In response to Theodis
I wanted to reply to Leftly's post on this thread awhile ago but I haven't had the time for the proper responce and unfortuantly still don't. But without some level of predictability you can't come up with tactics/stratagies that work since by the nature of them you have to have some idea of the outcome that will occur. The game mechanics should be very predictable but the situations you are put into should not be.

That's just the thing, though -- tactics are by their nature techniques which must be invented in each individual situation, not techniques which must be applied to each individual situation. Someone can't win a war just by reading Sun Tzu's Art of War and being able to shoot a gun or swing a sword -- you need to be able to adapt to situations as they're presented. The tactic of throwing one enemy into another to bowl both off the edge of a cliff will not usually work twice. The real problem is that most games use hard-coded tactics, making combat just a matter of learning one tactic to forever be capable of defeating the same enemy again.

Granted, not everyone checks out every monster they meet, but if the way the game worked needed them to, and they liked the game, they'd certainly learn to do so.

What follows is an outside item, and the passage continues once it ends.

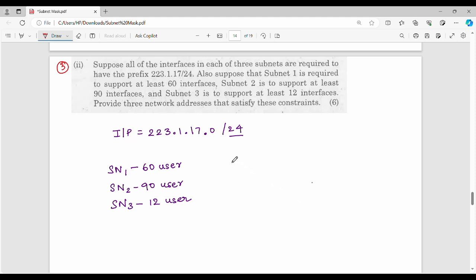Welcome back. This is a university semester question from a gate exam. Suppose all interfaces in each of three subnets are required to have a prefix in CIDR notation with 24 network bits. Subnet one must support at least 60 interfaces, subnet two at least 90 interfaces, and subnet three at least 12 interfaces.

The command interface and interactivity should always remain the same, but the actual world shouldn't be predictable (in my opinion, for this hypothetical game -- not for roguelikes) by any means. For example, whenever I drive, there are a billion things that could happen. That car that I'm watching on that side road could either drive out in front of me or wait in its lane. It could obstruct my view of a pedestrian. It could even get rear-ended and sent out into the street. No amount of training can make me react better to those situations -- it's intuition and coordination.